Australia's only euthanasia laws are in place but it could take weeks, if not months, for the first person to die under the Victorian scheme and maybe much longer for the public to know.
Terminally-ill Victorian adults in intolerable pain and with less than six months to live, or 12 months for neurodegenerative diseases, and who meet 68 safeguards can request their doctor's help to die.
But the application process takes at least 10 days before approval is granted.
"There will be perhaps a number of weeks before we become aware that a person has accessed the first permit in Victoria, it's very difficult to predict the exact timing," Health Minister Jenny Mikakos told reporters at parliament on Wednesday.
"But look, there are people who have been waiting a long period of time for this change to commence today and my thoughts are with them."

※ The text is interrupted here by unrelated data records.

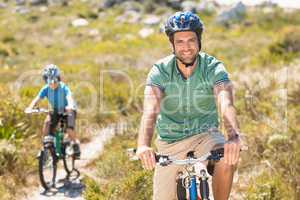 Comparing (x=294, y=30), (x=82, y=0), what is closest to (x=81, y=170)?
(x=294, y=30)

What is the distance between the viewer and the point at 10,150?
7891 mm

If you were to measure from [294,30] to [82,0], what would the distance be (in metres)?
54.1

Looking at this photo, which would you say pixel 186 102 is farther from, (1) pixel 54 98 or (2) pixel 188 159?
(1) pixel 54 98

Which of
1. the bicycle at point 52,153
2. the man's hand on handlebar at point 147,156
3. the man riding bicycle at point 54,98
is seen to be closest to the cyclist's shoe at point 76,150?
the bicycle at point 52,153

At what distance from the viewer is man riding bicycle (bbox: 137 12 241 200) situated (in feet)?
12.4

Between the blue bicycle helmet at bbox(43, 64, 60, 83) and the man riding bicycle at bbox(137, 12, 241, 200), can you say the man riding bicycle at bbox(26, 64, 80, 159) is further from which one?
the man riding bicycle at bbox(137, 12, 241, 200)

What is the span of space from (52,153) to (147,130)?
4.19 metres

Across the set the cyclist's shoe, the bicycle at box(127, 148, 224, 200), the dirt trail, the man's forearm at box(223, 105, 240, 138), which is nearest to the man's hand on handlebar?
the bicycle at box(127, 148, 224, 200)

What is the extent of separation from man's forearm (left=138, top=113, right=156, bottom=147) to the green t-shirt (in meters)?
0.17

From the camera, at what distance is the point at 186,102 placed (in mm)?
3895

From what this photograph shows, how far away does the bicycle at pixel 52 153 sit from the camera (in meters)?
7.50

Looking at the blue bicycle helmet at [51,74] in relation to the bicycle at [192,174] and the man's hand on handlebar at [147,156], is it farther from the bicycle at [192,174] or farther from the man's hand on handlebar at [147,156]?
the man's hand on handlebar at [147,156]

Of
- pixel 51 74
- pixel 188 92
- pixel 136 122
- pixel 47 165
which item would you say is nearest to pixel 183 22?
pixel 188 92

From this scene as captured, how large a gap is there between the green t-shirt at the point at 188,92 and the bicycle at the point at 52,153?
12.1ft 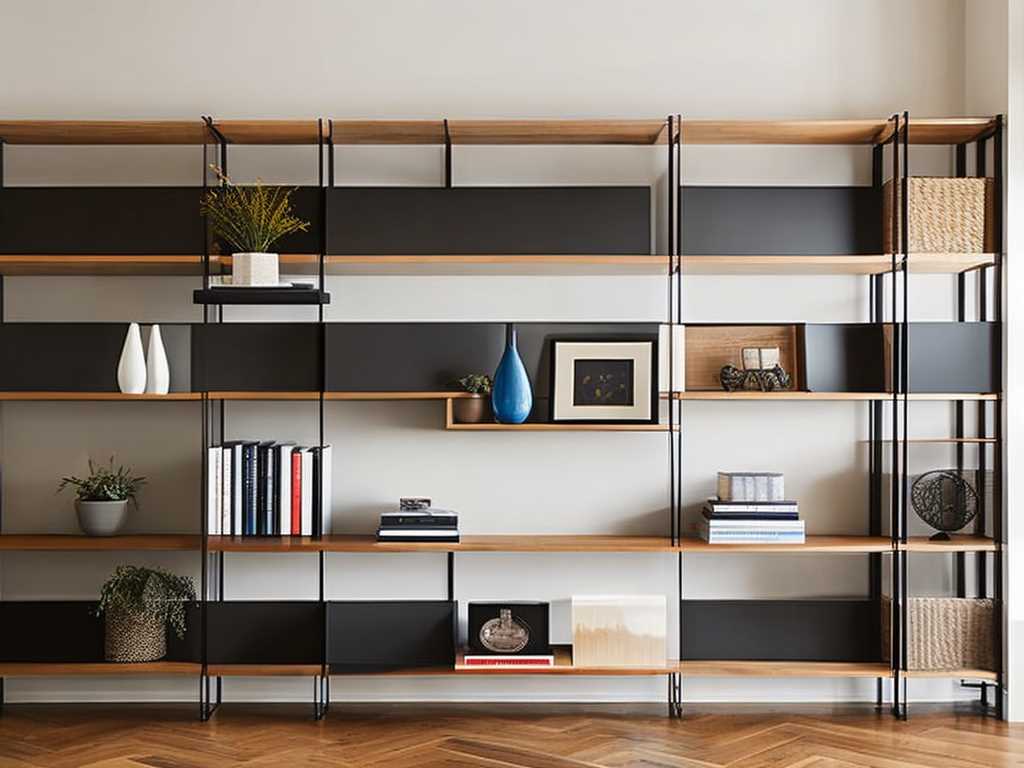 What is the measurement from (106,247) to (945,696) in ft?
11.2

The coroner and an independent review board, headed by former supreme court justice Betty King, will be alerted to each of the lethal-medication deaths, for review.
The government expects up to 150 people a year will eventually use the scheme but those numbers might only be known through the review board's annual report which will include the number of permits issued and deaths that occur.
"We will look at all of the material that has been placed before the people, the secretary who makes the decision, and we will review it to ensure it was compliant with the law," Ms King said.
"If there is something that is an impediment or blockage, then we will talk about it, we will report it to the parliament."
If there is any suspicious activity, it will be reported to the police, coroner or medical review board, she said.
It's been 18 months since parliament narrowly passed the laws.
Catholic Health Australia, which is one of the largest health and aged care service providers in the state, says it does not consider the prescription of the lethal medicine a part of end-of-life care.
But its services will not stand in the way of patients wanting to seek the assistance of other providers.
Health Minister Jenny Mikakos said doctors can conscientiously object to taking part in the scheme and more money is being put into palliative care.
"For the vast majority of Victorians, they will continue to access this world-class palliative care but we know that even the best of palliative care is not sufficient to alleviate the pain and suffering of all individuals," she said.
The introduction to the scheme should encourage more people to talk about death and their pain, the minister added.
While the laws have a large amount of support and long-time advocates hope it will spark similar legislation across the country, critics remain.
"We cannot co-operate with the facilitation of suicide even when it seems motivated by empathy or kindness," read a letter signed by the Catholic bishops of Melbourne, Ballarat, Sale and Sandhurst shortly before the laws came into place.